(INSTRUCTIONS TO FOLLOW) Your response should consist of the entire listing, transcribed exactly, with every image left out.

(THE DATA)
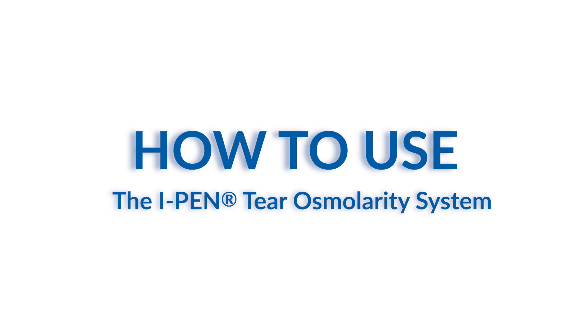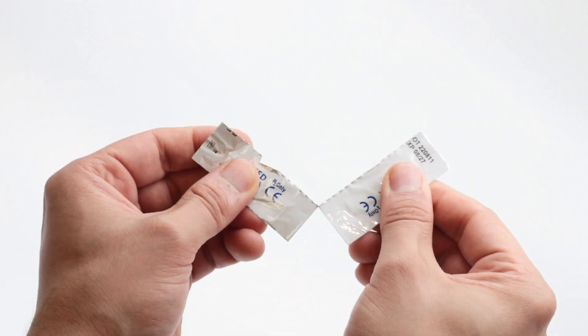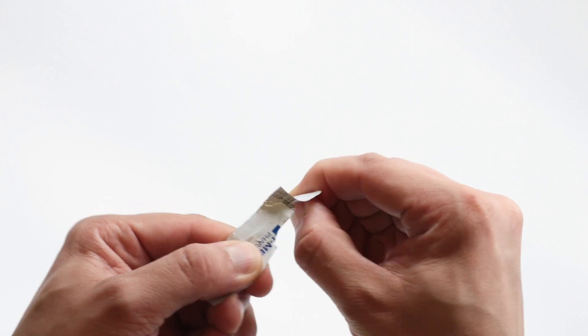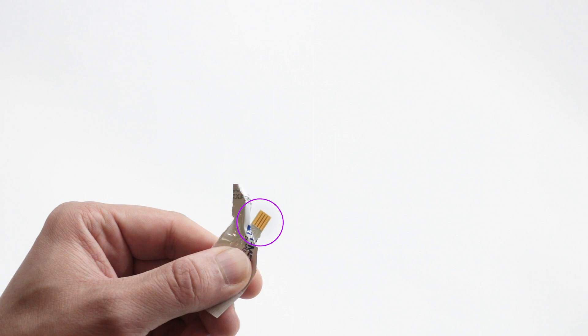Begin by removing one single-use sensor from its packaging. Tear along the dotted line to separate one of the attached wrapped sensors. Grasp the bottom of the packaged sensor firmly with one hand and carefully tear in the direction of the pre-cut section to expose the end of the sensor to be inserted into the eye pen device.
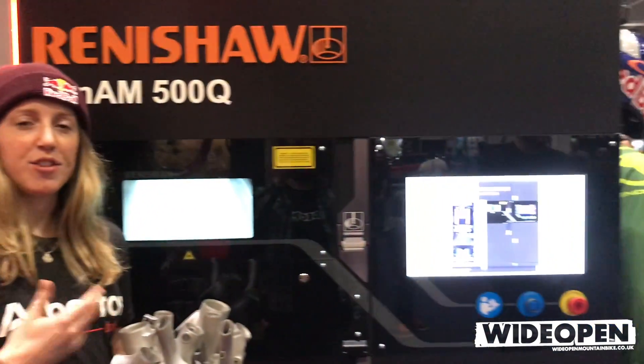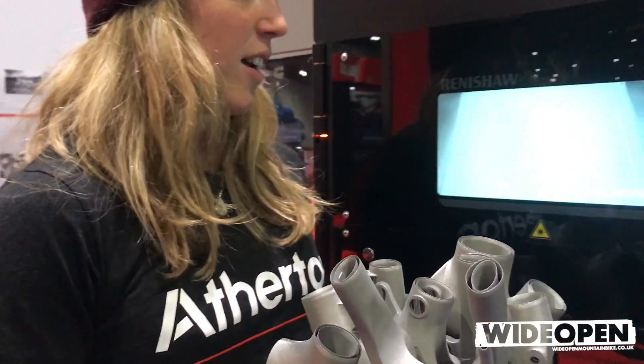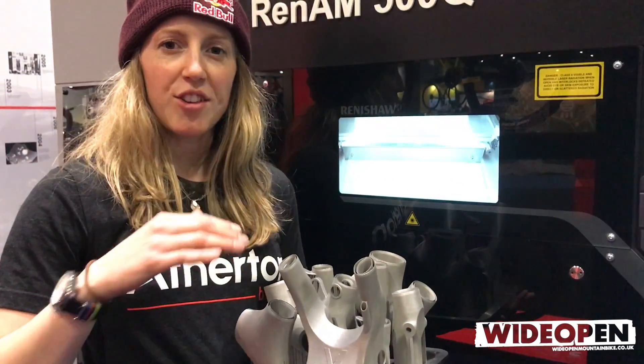So this is a dummy machine, but basically this is the additive manufacturing machine. This is a 3D printing machine, so this thing prints the lugs. The lugs are built on this plate, and it just fills up layers of titanium powder.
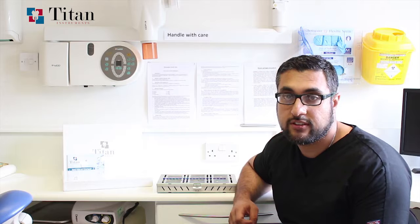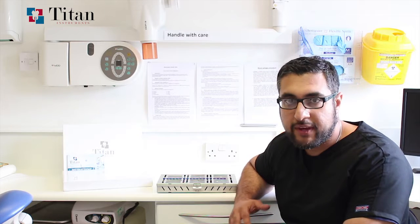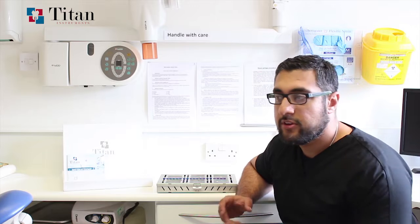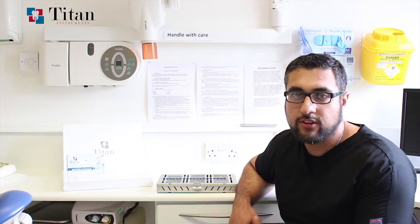I work at several different practices and found that there may be smaller surgeries and larger surgeries. You go to a larger surgery and see the setup where all of the hand instruments are laid out very nicely — spacing looks very good and the setup is very easy to use. But you go to a smaller surgery and find the instruments are very cluttered, making it difficult for the nurses to ensure everything not only looks nice but is also easy for the surgeon to pick up.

(ANSWER)
Begin by removing one single-use sensor from its packaging. Tear along the dotted line to separate one of the attached wrapped sensors. Grasp the bottom of the packaged sensor firmly with one hand and carefully tear in the direction of the pre-cut section to expose the end of the sensor to be inserted into the eye pen device.
So this is a dummy machine, but basically this is the additive manufacturing machine. This is a 3D printing machine, so this thing prints the lugs. The lugs are built on this plate, and it just fills up layers of titanium powder.
I work at several different practices and found that there may be smaller surgeries and larger surgeries. You go to a larger surgery and see the setup where all of the hand instruments are laid out very nicely — spacing looks very good and the setup is very easy to use. But you go to a smaller surgery and find the instruments are very cluttered, making it difficult for the nurses to ensure everything not only looks nice but is also easy for the surgeon to pick up.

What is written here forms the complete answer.